The new Fed chair received deserved praise for his “plain English” press briefing in June. However, we thought he struggled a bit in answering a question on the widening gap between the median Fed forecast for the unemployment rate and the estimated “longer-run normal” level—essentially the NAIRU.
He effectively downplayed the significance of the longer-run normal estimate, saying, “We’re learning about the real location of the natural rate of unemployment as we go.” He also pointed out that Fed officials are not forecasting a significant overshoot on inflation.
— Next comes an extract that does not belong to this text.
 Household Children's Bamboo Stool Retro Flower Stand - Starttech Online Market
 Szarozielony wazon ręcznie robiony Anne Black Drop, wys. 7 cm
He added, “We can’t be too attached to these unobservable variables… I think we have to be practical about the way we think about these things and we do that by being grounded in the data and what we see happening in the real economy.”
Mr. Powell is right, of course, to take his cue from the data and not just “unobservable variables” such as the NAIRU. However, based on the data, we suspect he is not fully appreciating how tight the labor market is already, as well as the extent to which the unemployment rate is still trending down. The downward momentum in the already low unemployment rate reinforces our view that markets are still pricing in too little Fed tightening over the next year and a half. We see upside risks to the Fed’s projections as well.
A key issue for the Fed will be whether an unsustainably low unemployment rate puts sustained upward pressure on wage gains and inflation, such that they keep rising even after the unemployment rate stops falling. We believe it will, consistent with the NAIRU framework. That is the takeaway from our chart, which lines up acceleration/deceleration in wages in the ECI with the differential between the unemployment rate and the estimated NAIRU.
Along with the unemployment rate, several indicators are signaling an increasingly tight labor market, including the vacancy and compensation series in the NFIB survey, the Conference Board survey data on perceptions of the labor market, and the job openings rate.
The link between a tight labor market and inflation is inevitably more indirect than the link between a tight labor market and wage gains, so we have less conviction that the recent pick-up in core inflation will continue over time. That said, other indicators are suggesting that the pick-up is more than just noise. Acceleration is also being signaled by the core PPI, the New York Fed’s Underlying Inflation Gauge—UIG—series and the NFIB measures tracking the share of firms raising selling prices.
In conclusion, maybe the economy can indeed sustain an unemployment rate as low as 3.5% without a persistent upward bias to inflation, but we are highly skeptical. Nor do we believe Fed officials will be able to nudge the unemployment rate back up without the economy falling into recession. In any event, we believe an end to the downtrend in the unemployment rate will likely require significant Fed tightening first.